I am so very sorry for your loss katiebiks (and others that have replied/posted in the last few days). I can't say I know how you feel as I've never met you and I'm not you, but I can say I have a good idea of what you are feeling.
I lost my second dog at approx 10 and a half. He wasn't a spaniel but was a smooth fox terrier. What a character he was. He was the most stubborn little soul, determined and bloody minded! But so loveable and gentle and fun at the same time. He was bought as our family dog two days after my birthday.
When he was lots older he used to walk to the top of the drive and then refuse to go much further and we had to really almost pull him along on his bottom!! He was quite over weight at this point, but still a very active chap.well I got up one morning to find him paralysed down one side of his face - a droopy lip and eye. his stomach had also begun to swell a little. I thought he had had a stroke. The vet that we saw wasn't one of my favourites at the practice we used back then, but we trusted him none-the-less. He was more concerned about his stomach and any internal complications than his one sided facial paralysis. He asked us to book him in promptly to have an exploratory op to check out the abdomen swelling up.
To this day I wish that I had listened to that nagging little doubt I had - I really thought he'd had a stroke and those animals should never be put under anaesthetic at that point. But the vet kept assuring us that it wasn't a stroke and that the abdomen was more serious.
So we booked him in for surgery. The vet performing the surgery phoned whilst he was under, to say that he had a large abcess/growth on his spleen and to remove it meant to remove the spleen. They recommended this was done, and so it was removed. We were given special food for him and the vet said only to have the said food, no tit bits or any treats etc as he said he wouldn't be able to cope with them.
He wouldn't eat any of it that night or the next morning, so he was back into the vets that day (23rd) and they gave me a different food for him. He still wouldn't eat that. Any he did try he threw up. We had been told to sugar his water, which we did but he wasn't too interested.
We had him back in to the vets on the 24th and it was the same vet we saw originally and at this point he said he really needed to be eating more or something and he actually said to offer him anything we could - he actually told me to "give him some chocolate" even, if he isn't eating the food!!
I knew it was bad then, When a vet told me to give my dog chocolate!
So he struggled along to Christmas day, then boxing day but he was getting weaker and he wasn't himself at all. On boxing day night he collapsed in the lounge and wet the floor as he had tried to get up for the toilet but couldn't hold it or move properly. He was distressed and I slept downstairs on the floor with him. At about 2.30am I called the vet on call (this time it was my favourite vet from the practice). She met me at the vets at about 3 and she said she was surprised to see how downhill he had gone since I had described his condition on the phone just half hour earlier, we had him put to sleep there and then. He went so peacefully.

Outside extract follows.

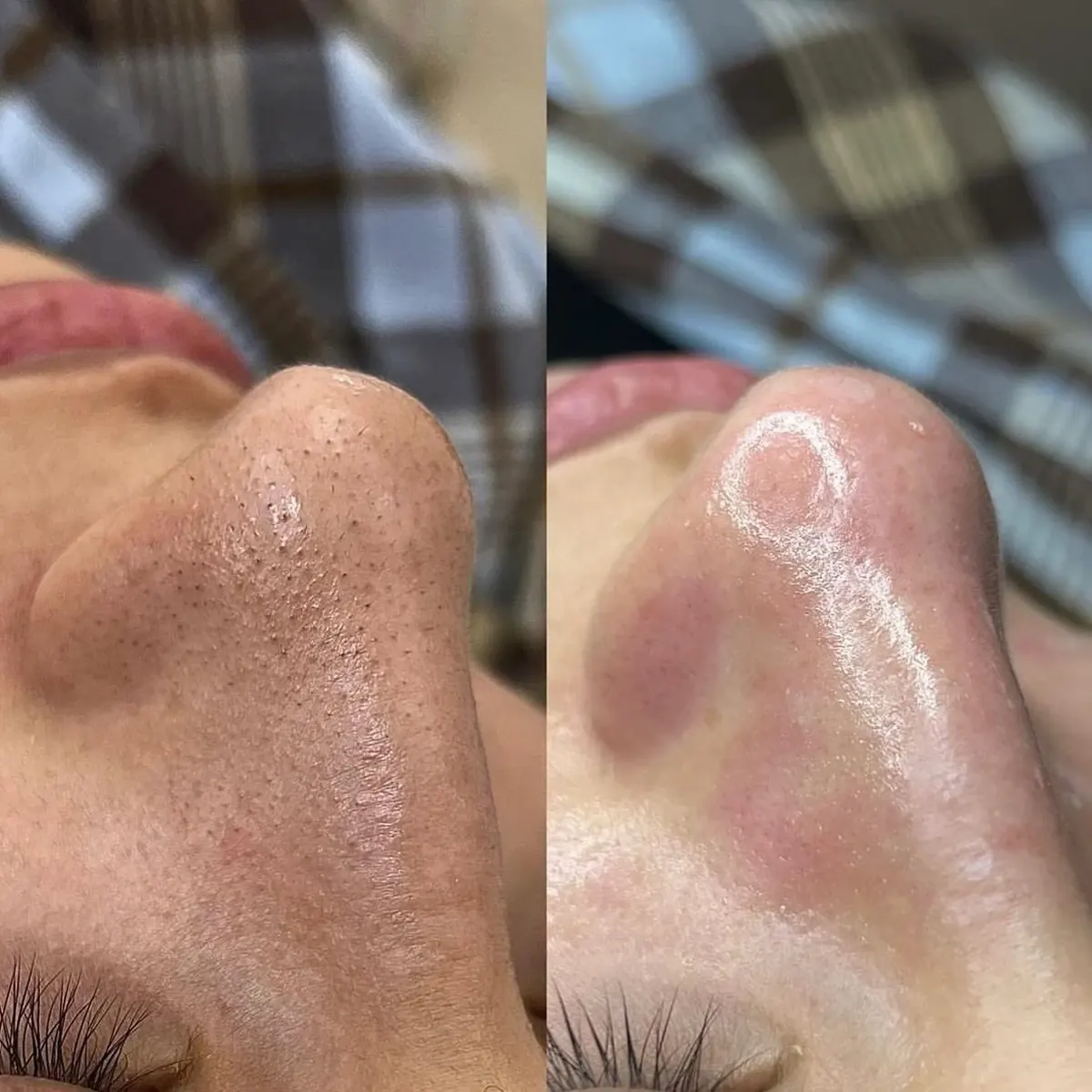 Before and after result of Hydropeeling, case 3, at Alef Med Valencia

We returned home and we buried him a couple days later.
This is the first time I have really discussed this, and we are now 10 years on.
I did not want another dog and we decided against it. A few months later and to my surprise I was beginning to miss the prescience of a dog around the home and I felt like I was ready for another. But not to replace Bru. I can't quite describe it.

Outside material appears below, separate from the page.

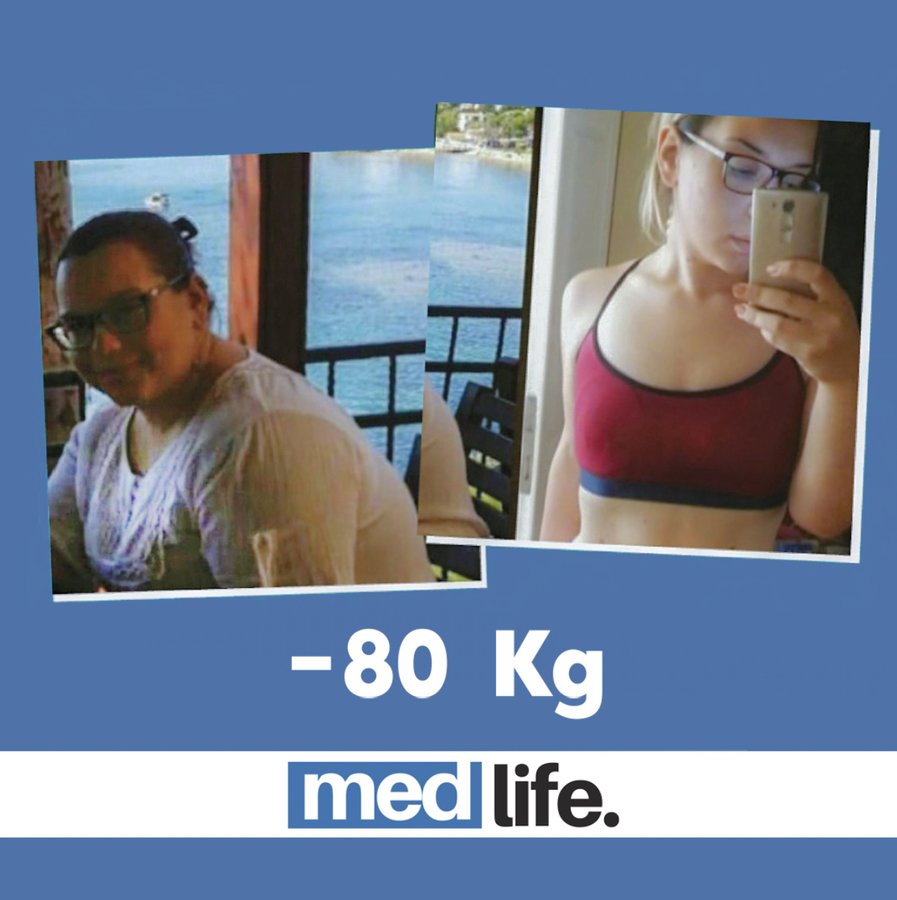 Medlife Group - Bariatric - Medlife Group - Bariatric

Anyway 8 months later we got our new furbaby who is now also 10!
I'm sorry to have rambled on but, I did want to make a point - that is that......
I still feel incredibly guilty even over 10 years later, about how we lost him. Just over the course of a week or so, and such a distressing time, and at Christmas too. I think that guilt which I can feel right now writing this and the story of him, made my feelings of loss even more painful. I always wonder "what if?" I hadn't gone ahead with the op. he was happy and content before it, I so wish we had left it and let it take it's own course. But I believed at the time that the vets were right and we should trust them.
Hindsight is a wonderful thing and we are all genius' when it comes to hindsight.
Although I moved on and have two gorgeous boys now, I still miss him and I would say I don't feel I was disrespectful of him by getting another. They have filled the dog shaped hole in the home and our hearts but not the Bru shaped hole he left. (well not completely) and never will.
Don't feel pressured into getting another, my advice would be to wait a while at come to terms with it first. I'm wure your family want to see you happy again and if you explain to them that it's not just a loss of a dog you feel but the loss of YOUR dog - and his personality and character. It is true they are like a family member.
Just take your time and see how you feel. It is only your decision and it can't be rushed. People deal with grief in so many ways. And you will deal with your loss in your own way.